Bartholomeus (1974)
BARTHOLOMEUS, Bonnie. “Effects of Task Requirements on Ear Superiority for Sung Speech.” Cortex 10/3 (1974): 215-223.
Opens with a review of the pre-existing literature regarding laterality effects in audition during dichotic listening experiments. Notes that none of the previous studies had sufficiently tested whether these effects were entirely due to stimulus variables (i.e. acoustic features) or possibly influenced or determined by task requirements. Bartholomeus presents the view that speech processing involves two stages: auditory and phonetic, citing earlier work by Shankweiler and Pisoni (1972). She proposes two alternate hypotheses: (1) the presence of phonetically-encoded acoustic input is sufficient to cause right-ear (left hemisphere) effects; (2) task requirements will influence these laterality effects, such that only a phonetic discrimination task will cause right-ear superiority. In the current experiment, a dichotic listening paradigm was used. Three task conditions were set, each presented on a different day, but with the same subjects and the same stimuli in all cases. In this way, it was possible to directly test the question of task-influenced changes in laterality. The stimuli consisted of
pairs of melodies sung to different sequences of letters by different singers. (217)
The three tasks, performed on different days, required identification of singer, letter, or melody.

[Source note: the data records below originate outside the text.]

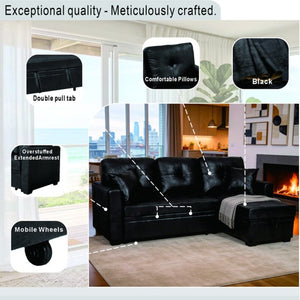 English Elm Sleeper Sectional Sofa with Storage Chaise Tufted Black Fabric L-shaped Living Room W5568S00037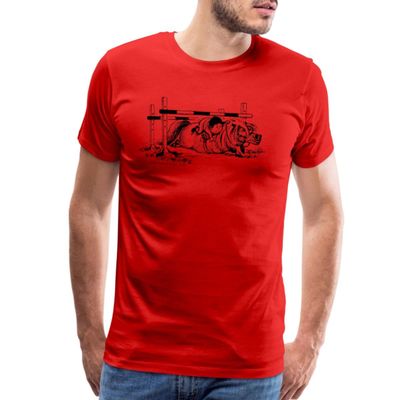 Thelwell Showjumping Interpreted Differently Fun Licensed Men's Premium T-Shirt Red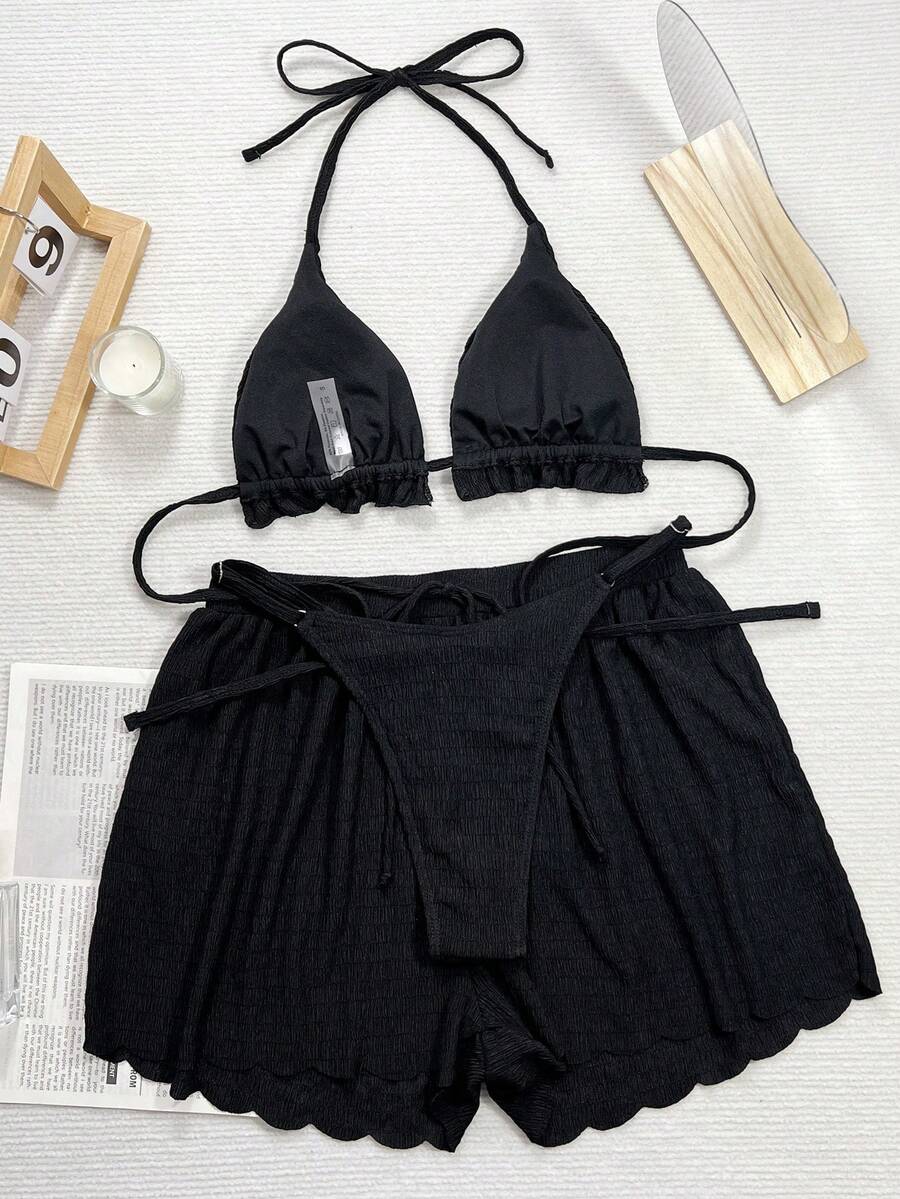 Women's 3-piece frill trim bikini set with halter tie-back top and high waist bottoms.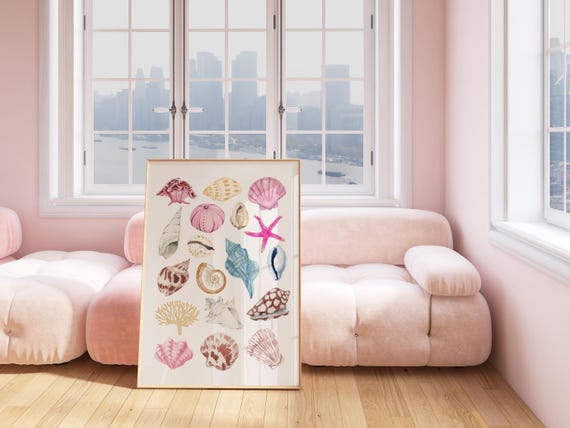 Coastal Wall Art Print Seashell Prints Granddaughter Room Decor Shells Oyster Beach Preppy Girls Dorm Cute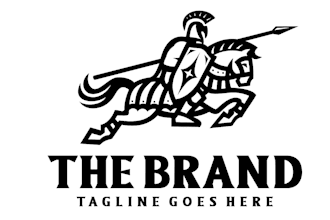 design high quality head fire knight logo design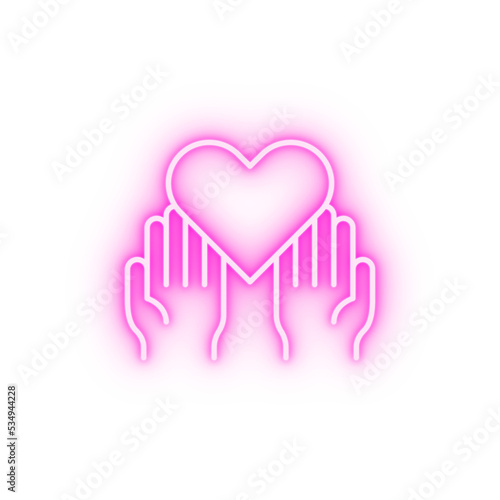 Love hands neon icon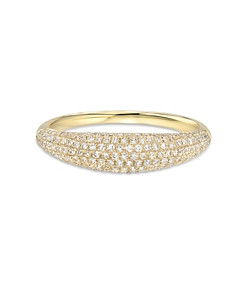 Zoe Lev 14K Yellow Gold Diamond Pave Dome Ring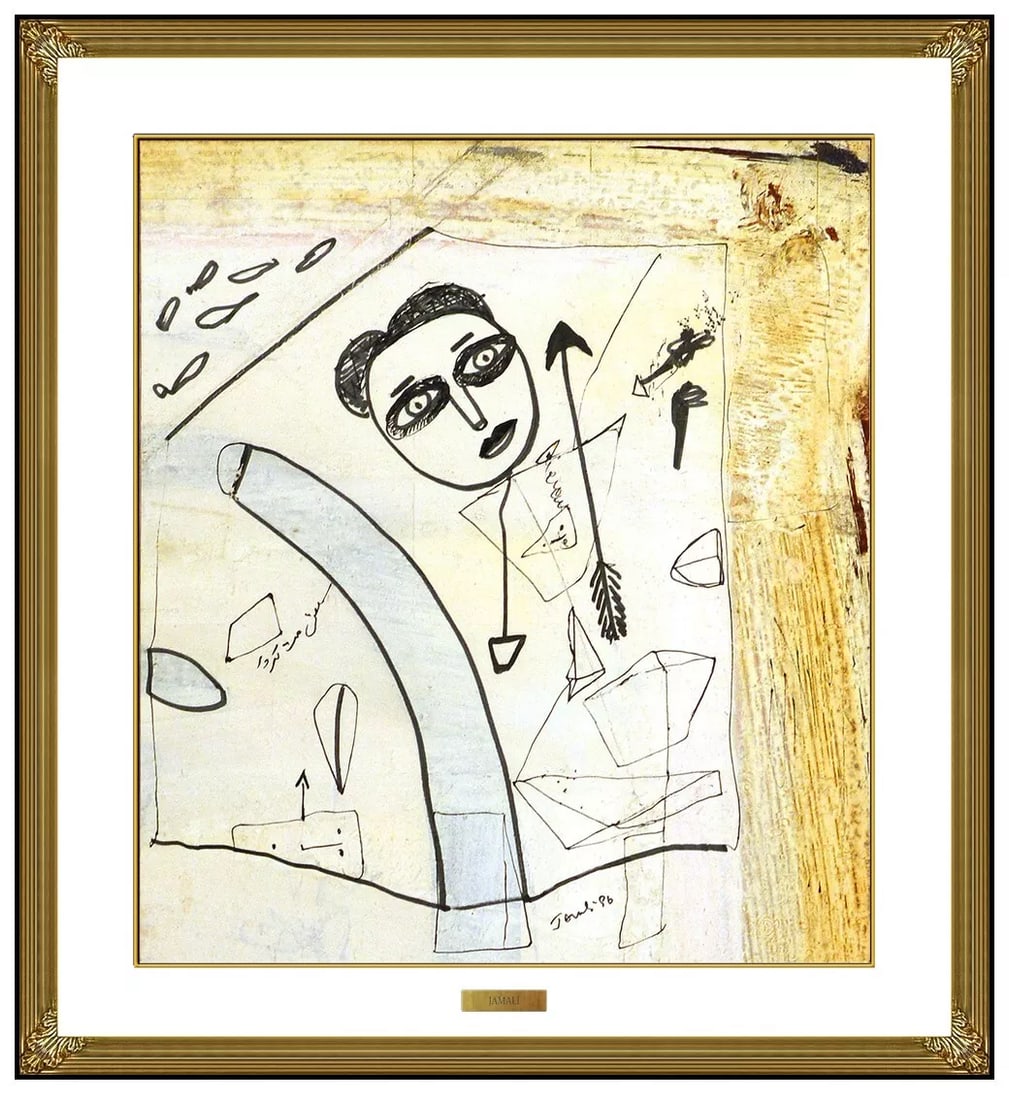 Jamali Original Abstract Portrait Pigmentation Painting on Cork Signed Artwork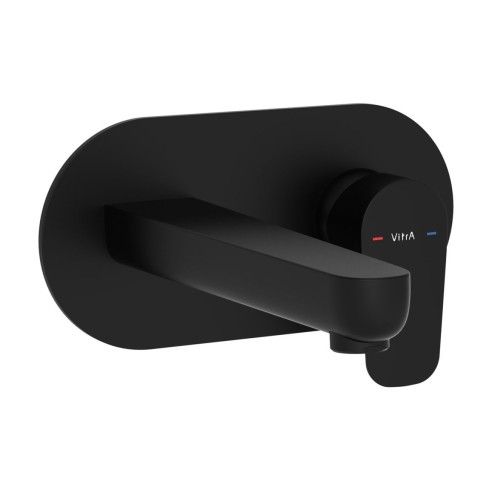 VitrA Flow Soft Wall Mounted Basin Mixer - Matt Black | Bath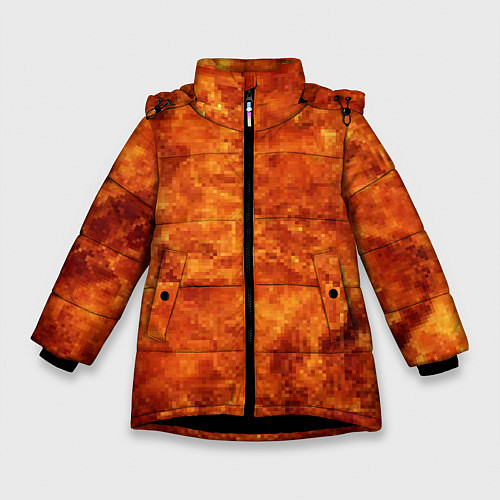 Зимняя куртка для девочки Пламя 8бит текстура / 3D-Черный – фото 1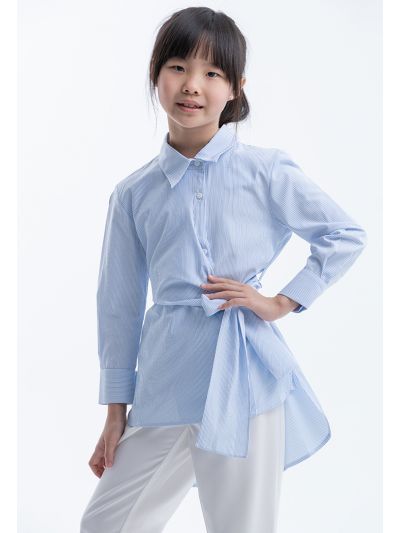 Striped Shirt With Over Lapped Self-Tie Wrap -Sale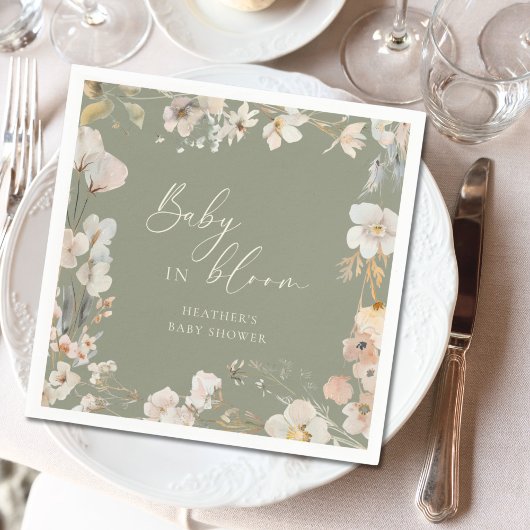 Baby in Bloom Sage Green Wildflower Baby shower Servet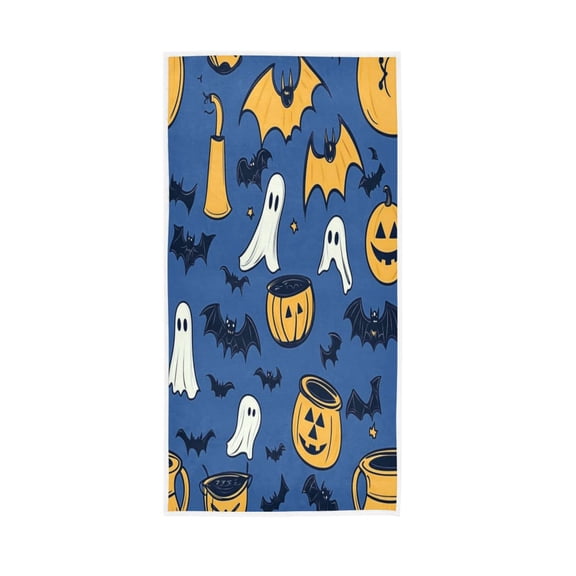 Single-Sided Print Hand Towel Breathable & Soft Towels Wash Cloth for Workout Running Cartoon Halloween Pattern 30x15 Inch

The results were somewhat equivocal (in part because laterality effects were mostly nonsignificant), but weakly supported the second hypothesis that task influenced, in that
a trend towards right-ear superiority in perception of encoded acoustical information was observed only on the task which clearly demanded accurate phoneme recognition (letter sequence task). (221)
This study succeeds more in pointing up flaws in earlier experimental designs, and suggesting areas for future research, than in establishing a superior methodological paradigm.